Artus Van Briggle settled in Colorado Springs in 1899 after establishing himself as a notable artist with the Rookwood Pottery of Ohio. With Anne Louise (née Gregory), his new wife, Artus began exploring the Art Nouveau style in their pottery creations, drawing awards and accolades from the American and European art communities. Although he was a talented painter who had displayed and won awards in Europe, from 1899 until his death Artus devoted himself almost exclusively to the craft and art of pottery. Van Briggle's Art Nouveau designs and distinctive matte glazes were awarded high honors from prestigious sources, including the Paris Salon, the Saint Louis Exposition, the Lewis and Clark Centennial Exposition, and the American Arts and Crafts Exhibition in Boston.

The Van Briggle Pottery Studio closed in spring 2012.

==History==

===Early artistic career and studies===

Artus Van Briggle in 1900.

Born to artistic parents on March 21, 1869, Artus Van Briggle had an early introduction to painting using materials found about the home. The Van Briggle family lived in Ohio, one of America's hotbeds of ceramic design. At the age of 17 he moved to Cincinnati, Ohio, where he decorated china dolls at the Arnold Fairyland Doll Store, while attending his early art studies at the Cincinnati Art School. After a stint at the Avon Pottery where he was introduced to the ceramic arts, Artus took a job at Rookwood Pottery. There he excelled at hand-painting designs. His skill and talent were recognized by Rookwood founder, Maria Storer, who became his benefactor, even sending him to France to study art at the Académie Julian in Paris.
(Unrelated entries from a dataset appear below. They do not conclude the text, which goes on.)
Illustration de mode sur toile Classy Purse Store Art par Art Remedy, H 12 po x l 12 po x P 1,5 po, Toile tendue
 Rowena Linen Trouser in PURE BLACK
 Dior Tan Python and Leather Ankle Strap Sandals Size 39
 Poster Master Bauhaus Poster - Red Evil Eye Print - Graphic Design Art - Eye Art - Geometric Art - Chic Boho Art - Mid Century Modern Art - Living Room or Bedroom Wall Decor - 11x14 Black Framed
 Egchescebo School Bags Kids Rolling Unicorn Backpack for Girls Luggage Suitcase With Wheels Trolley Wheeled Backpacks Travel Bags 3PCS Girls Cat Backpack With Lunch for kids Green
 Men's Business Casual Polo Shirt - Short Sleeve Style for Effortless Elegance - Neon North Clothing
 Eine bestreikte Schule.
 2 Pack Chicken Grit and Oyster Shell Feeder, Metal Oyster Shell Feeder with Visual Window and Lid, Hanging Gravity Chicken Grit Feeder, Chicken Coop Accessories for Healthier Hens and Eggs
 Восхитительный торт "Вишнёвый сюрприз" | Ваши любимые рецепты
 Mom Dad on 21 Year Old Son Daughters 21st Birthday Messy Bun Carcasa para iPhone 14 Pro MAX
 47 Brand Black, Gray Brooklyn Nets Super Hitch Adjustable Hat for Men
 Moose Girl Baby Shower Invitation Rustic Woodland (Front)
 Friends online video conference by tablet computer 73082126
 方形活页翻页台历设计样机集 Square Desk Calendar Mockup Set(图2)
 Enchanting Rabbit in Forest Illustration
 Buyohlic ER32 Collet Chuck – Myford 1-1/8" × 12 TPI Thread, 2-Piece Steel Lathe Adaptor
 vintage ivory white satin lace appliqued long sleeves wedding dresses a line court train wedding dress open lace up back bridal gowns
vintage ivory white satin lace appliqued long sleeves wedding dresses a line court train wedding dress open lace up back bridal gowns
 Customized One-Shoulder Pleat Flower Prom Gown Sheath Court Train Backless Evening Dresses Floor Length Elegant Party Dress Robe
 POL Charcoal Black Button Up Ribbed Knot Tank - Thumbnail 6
In Europe, he was exposed to styles of art and became infatuated with an early matte glaze from the Chinese Ming Dynasty; a type that was lost to history. Artus also met his future wife, fellow American student Anne Lawrence Gregory, an accomplished artist in her own right. Finishing their Paris studies in 1896, they returned to America. Artus resumed his work at Rookwood and also started sculpting and experimented with recreating the lost Ming Dynasty glazes.

Matte blue glazed Despondency vase

===Perfecting the distinctive dull or matte glaze===
In 1899, struggling with health issues due to tuberculosis, Artus left Rookwood and moved to the drier air of Colorado Springs, Colorado. Upon befriending the Holmes family of Chico Basin, he stayed at the HOP Ranch during the summers of 1899, 1900, and 1901 to reduce work stress and regain strength while pursuing his own styles of pottery, centered around the Art Nouveau movement. He continued his research on the ancient matte glazes that fascinated him in Paris. After two years of trials and experiments a matte glaze was perfected. One of the matte glazes perfected by Artus was the matte blue glaze, based on an ancient Chinese process that had long been lost to history.

Artus opened Van Briggle Pottery in 1901 and was joined by Anne Gregory, who took a position as a high school art teacher in Colorado Springs. In 1903, Artus Van Briggle was appointed First Director of the Department of Art and Design in Colorado College, succeeding Louis Soutter, a Swiss artist (born in Geneva, Switzerland) he met in Paris in 1895.

In 1902, Anne and Artus were married, and she devoted herself to their pottery; she created designs and collaborated in all aspects of the enterprise with her husband. Late 1902 brought Van Briggle awards for his glazes and designs in Art Nouveau from the prestigious Paris Salon; he was now an accepted artist. During their early years, Artus and Ann established hundreds of Art Nouveau styles of pottery under the Van Briggle name. The Despondency vase won Van Briggle wide acclaim and first place at the Paris Salon in 1903. A display at the 1904 Centennial Exhibit in St. Louis won Van Briggle more awards and greater international fame.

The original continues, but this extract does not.